Vor über 100 Jahren wurde der Internationale Frauentag eingeführt, um auf Frauenrechte und die Gleichstellung der Geschlechter aufmerksam zu machen. Die Gesetzeslage zur Gleichstellung der Frau ist heute natürlich ungleich besser als vor 100 oder auch nur 50 Jahren. So gehört es glücklicherweise seit vielen Jahrzehnten der Vergangenheit an, dass Frauen ihre Männer fragen müssen, ob sie arbeiten dürfen. Viele Menschen sind sich zudem heute wesentlich stärker dessen bewusst, dass noch immer ein Machtungleichgewicht zwischen Männern und Frauen herrscht – die Folge patriarchaler Rollenvorstellungen. Ein Teil dieser Menschen setzt sich aktiv für eine Verbesserung der Lage ein. Doch von echter Gleichberechtigung in der Arbeitswelt können wir nach wie vor noch lange nicht sprechen. Genau deshalb ist der Internationale Frauentag auch heute noch so wichtig und seine Aufwertung zum Feiertag im Land Berlin ein richtiges Zeichen.
Frauen haben bei Gehältern und Führungspositionen weiterhin das Nachsehen. Betrachten wir zunächst das Thema Gehalt: Frauen wird für ihre Arbeit immer noch weniger gezahlt als Männern. Der Unterschied zwischen dem durchschnittlichen Brutto-Stundenlohn von Männern und Frauen wird Gender Pay Gap genannt.
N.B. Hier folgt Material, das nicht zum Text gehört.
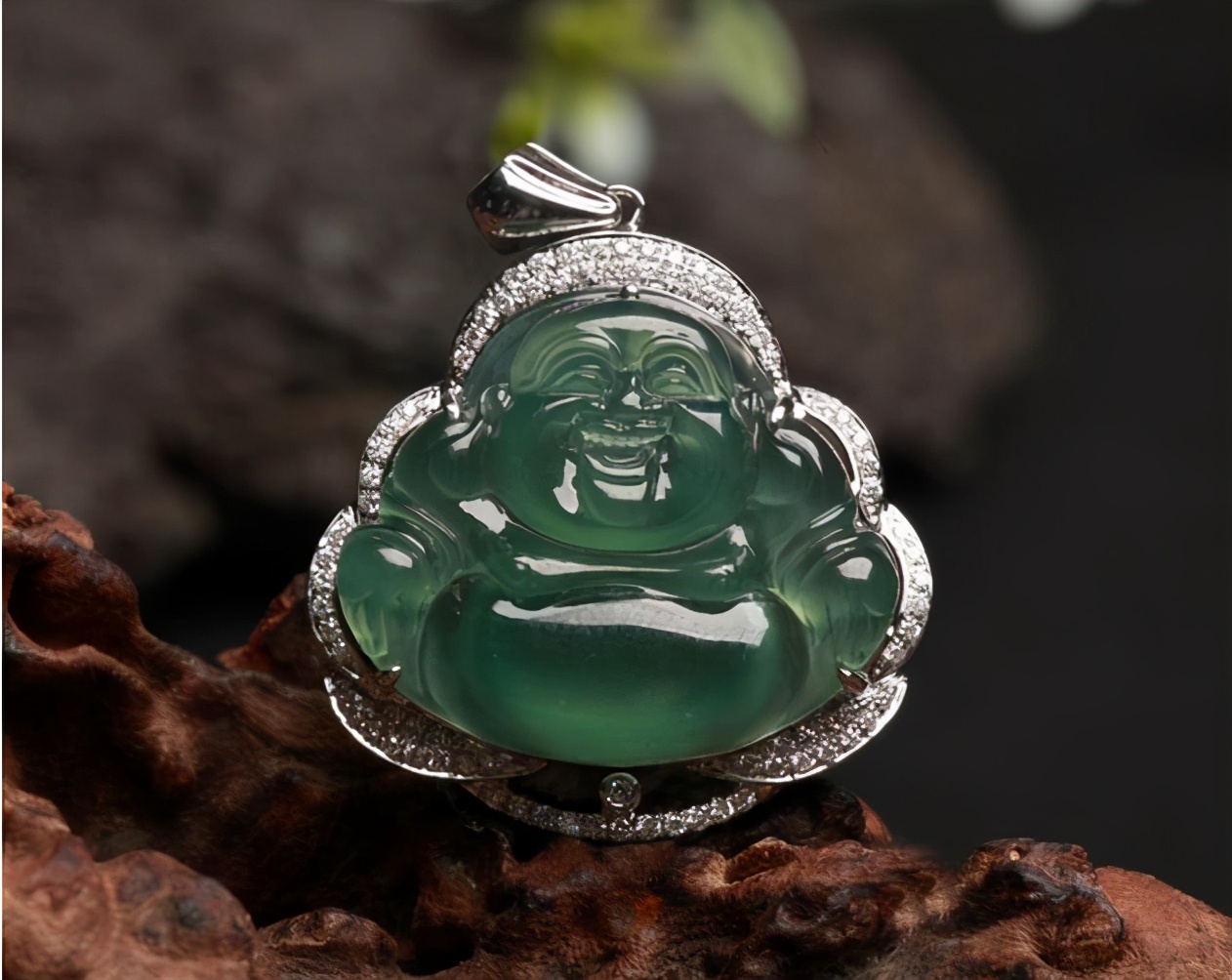 有绿不等于有价，盘点三种“带绿”却不建议入手的翡翠  第6张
Selbst der bereinigte Gender Pay Gap, der strukturelle Unterschiede zwischen den Geschlechtern wie unterschiedliche Berufe oder Wochenarbeitszeiten berücksichtigt, zeigt: Frauen verdienen für die gleiche Arbeit immer noch weniger als Männer. Mehr Transparenz beim Thema Gehalt wäre da wünschenswert. Inwiefern das Entgelttransparenzgesetz dazu beiträgt, ist fraglich. Zu aufwendig ist der Zugang zu diesen Informationen für Beschäftigte. Der allgemeine Wunsch nach mehr Gehaltstransparenz hat sich auch in der „Meaning of Work“-Studie von Indeed gezeigt. 60 % der männlichen und 65 % der weiblichen Befragten würden es begrüßen, wenn Unternehmen intern den durchschnittlichen Verdienst der verschiedenen Positionen veröffentlichen würden. Doch Transparenz kann noch einen Schritt früher anfangen, nämlich im Bewerbungsprozess: Sogenannte Gehaltsbänder, die die Bandbreite der Entlohnung für eine Tätigkeit aufzeigen, sind anderswo in Stellenanzeigen weitverbreitet – beispielsweise in Großbritannien oder den USA. In Deutschland redet man nicht über Geld, vor allem nicht in der Stellenanzeige. Die „Meaning of Work”-Studie von Indeed hat allerdings gezeigt, dass sich Beschäftigte genau das wünschen: 66 % der Männer und sogar 70 % der Frauen hätten gern ein Gehaltsband in Stellenanzeigen.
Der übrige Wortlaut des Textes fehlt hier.